In a three-pronged attack, Reddit users seeking to undo Ryan have worked to catalogue the congressman’s “failures” in Wisconsin, pressuring his donors (using legal, political tools) into pulling their funding, and compelling Rackspace.com, a company that hosts Ryan’s website and has publicly expressed its opposition to SOPA, to remove his domain from their servers.

The operation claimed victory on Monday after Ryan released a statement on his website where he expressed concerns with the legislation and the means by which it would attempt to “address a legitimate problem.”

“The internet is one of the most magnificent expressions of freedom and free enterprise in history. It should stay that way. While H.R. 3261, the Stop Online Piracy Act, attempts to address a legitimate problem, I believe it creates the precedent and possibility for undue regulation, censorship and legal abuse. I do not support H.R. 3261 in its current form and will oppose the legislation should it come before the full House,” said the brief statement, released on the congressman’s website on Monday afternoon.

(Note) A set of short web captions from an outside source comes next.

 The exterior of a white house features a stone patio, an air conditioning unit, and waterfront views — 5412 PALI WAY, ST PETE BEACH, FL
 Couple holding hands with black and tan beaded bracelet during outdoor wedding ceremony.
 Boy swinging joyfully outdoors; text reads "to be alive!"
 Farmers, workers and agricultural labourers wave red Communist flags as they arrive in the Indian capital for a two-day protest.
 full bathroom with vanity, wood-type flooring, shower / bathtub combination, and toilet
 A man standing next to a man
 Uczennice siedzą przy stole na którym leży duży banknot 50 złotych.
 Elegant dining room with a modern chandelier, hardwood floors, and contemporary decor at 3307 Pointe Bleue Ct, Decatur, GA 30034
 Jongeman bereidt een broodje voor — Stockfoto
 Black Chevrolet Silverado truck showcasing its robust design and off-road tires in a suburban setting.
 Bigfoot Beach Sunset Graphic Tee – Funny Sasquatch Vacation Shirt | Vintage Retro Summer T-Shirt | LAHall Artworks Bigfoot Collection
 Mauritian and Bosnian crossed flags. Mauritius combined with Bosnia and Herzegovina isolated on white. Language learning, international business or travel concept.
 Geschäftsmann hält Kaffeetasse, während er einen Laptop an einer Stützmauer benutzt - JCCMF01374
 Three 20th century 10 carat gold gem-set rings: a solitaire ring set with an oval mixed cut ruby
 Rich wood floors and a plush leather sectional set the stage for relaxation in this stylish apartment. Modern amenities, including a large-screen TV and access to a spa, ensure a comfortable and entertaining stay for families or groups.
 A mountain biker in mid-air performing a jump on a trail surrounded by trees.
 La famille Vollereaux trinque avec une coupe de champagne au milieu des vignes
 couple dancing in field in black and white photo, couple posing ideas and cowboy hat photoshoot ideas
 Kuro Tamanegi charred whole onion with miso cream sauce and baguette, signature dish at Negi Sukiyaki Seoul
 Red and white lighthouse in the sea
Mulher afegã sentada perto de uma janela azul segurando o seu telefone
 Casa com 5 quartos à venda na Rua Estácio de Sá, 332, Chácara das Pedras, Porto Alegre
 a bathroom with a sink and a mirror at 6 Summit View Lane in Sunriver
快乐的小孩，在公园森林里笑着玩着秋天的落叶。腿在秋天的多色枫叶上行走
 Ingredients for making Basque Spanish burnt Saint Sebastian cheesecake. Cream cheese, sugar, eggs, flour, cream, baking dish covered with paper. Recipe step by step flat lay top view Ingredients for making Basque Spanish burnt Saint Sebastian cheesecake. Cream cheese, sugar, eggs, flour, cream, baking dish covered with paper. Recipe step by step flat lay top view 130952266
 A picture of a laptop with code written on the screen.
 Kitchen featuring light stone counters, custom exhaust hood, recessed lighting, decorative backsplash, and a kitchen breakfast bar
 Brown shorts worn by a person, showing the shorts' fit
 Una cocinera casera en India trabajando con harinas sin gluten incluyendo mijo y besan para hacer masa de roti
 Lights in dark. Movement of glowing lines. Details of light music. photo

Shortly after the statement was made, “Pullmen” (operatives in the Pull Ryan mission) made jubilant, congratulatory posts on their subReddit, declaring that their operation had been a success.

Ryan’s statement is a sign that internet communities such as Reddit are beginning to wield political influence, not unlike other political interests groups — and they’re beginning to affect political discourse on Capital Hill.

Unlike similar internet activists such as the infamous hacker collective known as Anonymous, members of Operation Pull Ryan pledged to use legal, political tools to achieve their goals and exert pressure on Ryan. This enabled them to operate in the open, gain media attention, and garner popular support from all corners of the internet.

It’s a strategy that works, says EquanimousMind, a Reddit user who led the operation, and asked to be identified only by his username.

“I believe OPR simply focused Congressman Paul Ryan to look more closely at the… bill. Anyone that looks at SOPA will realize that that issue is not about online piracy but about online freedom and security. We would like to thank Congressman Ryan for taking leadership in the fight against SOPA.”

Not only are they thanking Ryan for taking “leadership,” but they’re rallying around their first convert to internet freedom in a new mission, Operation “KillTheBill.”

In the first stage of the operation, dubbed mission “WelcomeBackKongress,” operatives are reaching out to their respective representatives to bring their attention to Ryan’s statement of opposition to SOPA and requesting that they make similar statements.

Online interest groups like Reddit are showing no signs of letting up, especially while SOPA is still in committee at the House of Representatives and its Senate sister bill PIPA continues, in their eyes, to threaten online freedom.

“We will keep campaigning until we feel safe,” said EquanimousMind. “Who doesn’t naturally fight back when their freedom is threatened?”